Short of calling Monday's defeat a "moral victory," let's term it a rousing success, giving rise to hopes that U of L can exceed expectations of three or four wins, at most, and another last-place finish in the ACC's Atlantic Division.
The Cards played with effort. They played with passion and enthusiasm. They looked well-coached. They weren't intimidated. They took the fight to the Irish from the opening kickoff.
That they failed in their ultimate goal of upsetting a Notre Dame team that was a 19-point favorite and is (was?) considered a national title threat is almost beside the point.
They earned respect, looking like a team that is already ahead of schedule, one that will go into Tallahassee in three weeks for its ACC opener against Florida State with confidence and a legitimate shot at victory.
Blowouts by mediocre teams, maybe even very good teams, are a thing of the past. So are close calls against bad teams (see Indiana State, Western Kentucky, circa 2018).
"The fight, the energy they had, was awesome to me," Satterfield said. "If the kids continue to fight like that, we're going to get better every week."

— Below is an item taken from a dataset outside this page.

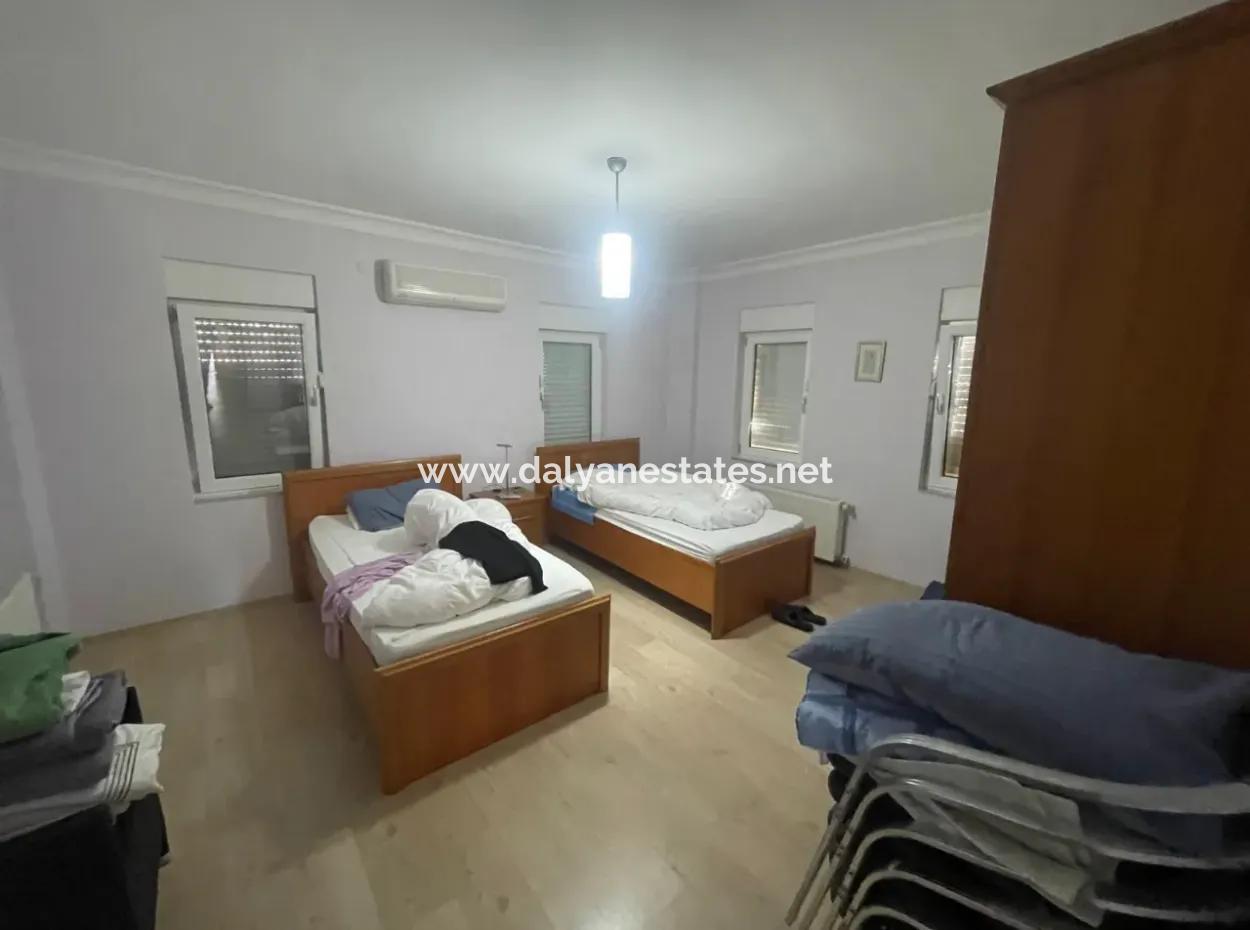 Dalyan Gülpınar'da 6000M2 Arsa İçerisinde 4+2 Satılık Villa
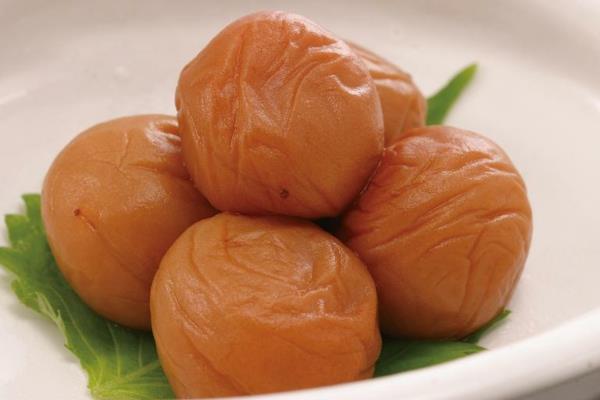 puhdistaa terveen umeboshi -kehon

An offensive line that was one of the Cards' many weaknesses last year enabled them to run the ball with grit and toughness against a Notre Dame defensive line that was hyped as one of the best in the nation.
Led by redshirt freshman Javian Hawkins' 122 yards on 19 carries, Louisville racked up 249 rushing yards. Last year it reached that total once, against NC State, while averaging just 141.5 yards per game on the ground.
"That's winning football right there," Satterfield said. "That is what we hoped for. We wanted to establish the run. I'm fired up for the guys up front; they held their own."
Hawkins averaged 6.4 yards per carry and Hassan Hall added 69 yards on 16 tries for a 6.3 average. Hawkins became the first freshman running back to rush for 100 yards in a game since L.J. Scott in a 66-21 win over Murray State on Sept. 6, 2014 and the first vs. an FBS foe since Darius Ashley in a 17-9 loss to West Virginia on Nov. 7, 2009.
Pass showed an ability to be a running threat, gaining 67 yards on 16 carries, but his passing needs more work. He completed just 12-of-27 for 134 yards.
The Cards' defense wasn't great, but it was much improved, especially from an effort standpoint. During a 7½-minute stretch in the second quarter, they forced Notre Dame into three consecutive three-and-outs, the total in their last FOUR games of 2018. They also stuffed the Irish on third-and-two and two third-and-ones.
"I think we played pretty well," linebacker C.J. Avery said. "I just think we beat ourselves with mistakes of our own. But overall I think we played well in the attitude and the effort part that we have been preaching since day one, and I think it will all come together."
After Notre Dame took the opening kickoff 75 yards in just six plays, Louisville and quarterback Jawon Pass responded by stunning their visitors with back-to-back touchdowns as Pass scored on runs of eight and 17 yards.
With 29 seconds left in the first quarter, the massive scoreboard contained a jarring number: U of L 14, Notre Dame 7.
But, as Avery noted, mistakes proved costly. The Cards fumbled five times, losing three, including back-to-back drops by Pass late in the second period inside the U of L 30-yard line with the score tied at 14-14. The second fumble, on the 24, led to an Irish TD and unleashed a string of 21 unanswered points.
"I'm proud of our guys," Satterfield said. "Extremely proud of them and the way they fought. They want to win. They yearned for that when I got here so we can come in here and sing and celebrate and high-five with each other. We'll get better and then we'll win these kind of games. We're going to take a lot of things positive out of this, even though we did lose."
The Cards made progress on all fronts Monday night. They'll take the next step against Eastern Kentucky (1-0) Saturday at 7 p.m. in Cardinal Stadium.